Is this expected behavior?
>>s = '123;abc'
s.replace(';', '\;')
'123\\;abc'

I just wanted a single backslash. I can see why this probably happens
but i wondered if it is definitely intentional.

Thanks
Nick
Dec 4 '07 #1
6 12325
Nick a écrit :
Hi all,

Is this expected behavior?
>>>s = '123;abc'
s.replace(';', '\;')
'123\\;abc'
>>print s.replace(';', '\;')
123\;abc
I just wanted a single backslash.
You got it - even if it's not obvious !-)
I can see why this probably happens
but i wondered if it is definitely intentional.
>>s2 = '123\;abc'
s2
'123\\;abc'
>>print s2
123\;abc
>>list(s2)
['1', '2', '3', '\\', ';', 'a', 'b', 'c']
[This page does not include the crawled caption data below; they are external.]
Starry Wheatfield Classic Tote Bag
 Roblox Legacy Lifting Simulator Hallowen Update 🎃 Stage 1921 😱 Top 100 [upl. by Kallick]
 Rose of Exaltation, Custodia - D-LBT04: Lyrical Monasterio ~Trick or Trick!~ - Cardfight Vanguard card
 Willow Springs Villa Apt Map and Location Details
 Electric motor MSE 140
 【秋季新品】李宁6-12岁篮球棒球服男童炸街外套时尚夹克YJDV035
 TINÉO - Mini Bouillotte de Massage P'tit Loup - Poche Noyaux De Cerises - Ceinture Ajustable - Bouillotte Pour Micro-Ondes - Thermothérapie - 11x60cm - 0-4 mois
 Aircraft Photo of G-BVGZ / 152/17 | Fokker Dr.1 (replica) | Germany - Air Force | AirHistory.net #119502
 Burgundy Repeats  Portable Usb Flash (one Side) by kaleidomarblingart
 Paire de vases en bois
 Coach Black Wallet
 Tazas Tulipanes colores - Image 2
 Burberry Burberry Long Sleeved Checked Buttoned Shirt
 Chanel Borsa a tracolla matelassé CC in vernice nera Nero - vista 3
As you can see, '\\' is counted as a single character !-)
Since the backslash is the escape character, you need to escape it to
have a litteral backslash:
>>s3 = '\'
File "<stdin>", line 1
s3 = '\'
^
SyntaxError: EOL while scanning single-quoted string
>>>
Dec 4 '07 #2
Nick wrote:
Hi all,

Is this expected behavior?
>>>s = '123;abc'
s.replace(';', '\;')
'123\\;abc'

I just wanted a single backslash. I can see why this probably happens
but i wondered if it is definitely intentional.
There is only a single backslash. But the interactive prompt will use the
repr()-function to print out returned values. Which will for strings print
their escaped syntax.

Try the above with a

print s.replace(...)

and you will see your desired outcome.

diez
Dec 4 '07 #3
Is this expected behavior?
>
>>>s = '123;abc'
s.replace(';', '\;')
'123\\;abc'
You're asking the interpreter to print a representation of your
string, so it does so. Representations wrap the results in
quotes and escape characters within that need escaping.
>>s.replace(';', '\;')
'123\\;abc'
>>print repr(s.replace(';', '\;'))
'123\\;abc'
>>print s.replace(';', '\;')
123\;abc

Additionally, it's best-practice to use raw strings or literal
backslashes, making your replacement either

r'\;'

or

'\\;'

because depending on the character following the back-slash, it
may be translated as a character you don't intend it to be.

-tkc
Dec 4 '07 #4
Mel
Nick wrote:
Is this expected behavior?
>>>s = '123;abc'
s.replace(';', '\;')
'123\\;abc'

I just wanted a single backslash. I can see why this probably happens
but i wondered if it is definitely intentional.
What you're seeing on the screen is a "literalization" of the string
value for the sake of the display. Consider

Python 2.5.1 (r251:54863, May 2 2007, 16:56:35)
[GCC 4.1.2 (Ubuntu 4.1.2-0ubuntu4)] on linux2
Type "help", "copyright", "credits" or "license" for more information.
>>s = '123;abc'
b = s.replace(';', '\;')
b
'123\\;abc'
>>len(b)
8
The length suggests that there's only one backslash in the string.
Mel.

On the other hand
>>repr(b)
"'123\\\\;abc'"

Isn't what I expected. No, wait, it is. It's the value of repr(b)
repred by the Python display logic.

MPW
Dec 4 '07 #5
Thanks guys, you answered that interactive prompt question really
clearly however, whats going on here. This works now -
>>working_string = '123;abc'
search_string = ';'
print working_string.replace(search_string, '\\' + search_string)
123\;abc

But this doesn't -

---
import sys
import string

input = string.join(sys.argv[1:], '')
escape_char_list = [ '(', '[]', ';', '^', '\\', '/', '|', '*', '$',
'&', '[', ']', ')', '?' ]

for ch in escape_char_list:
input = input.replace(ch, '\\' + ch)

print input
---

Try "123 *?/ abc d;o /$'" as the argument... and you get -

123 \*\?\/ abc d\\;o \/\$

Still two back slashes, did i miss something very obvious? Sorry,
sometimes these things are exasperating and just need more eyes or a
head screwed on (if thats the case!).

Nick
Dec 4 '07 #6
>
If you move '\\' to the front of your list of replacement characters,
things will probably work as you expect.

--
Jerry
I knew it would be something like that! Thanks for your help.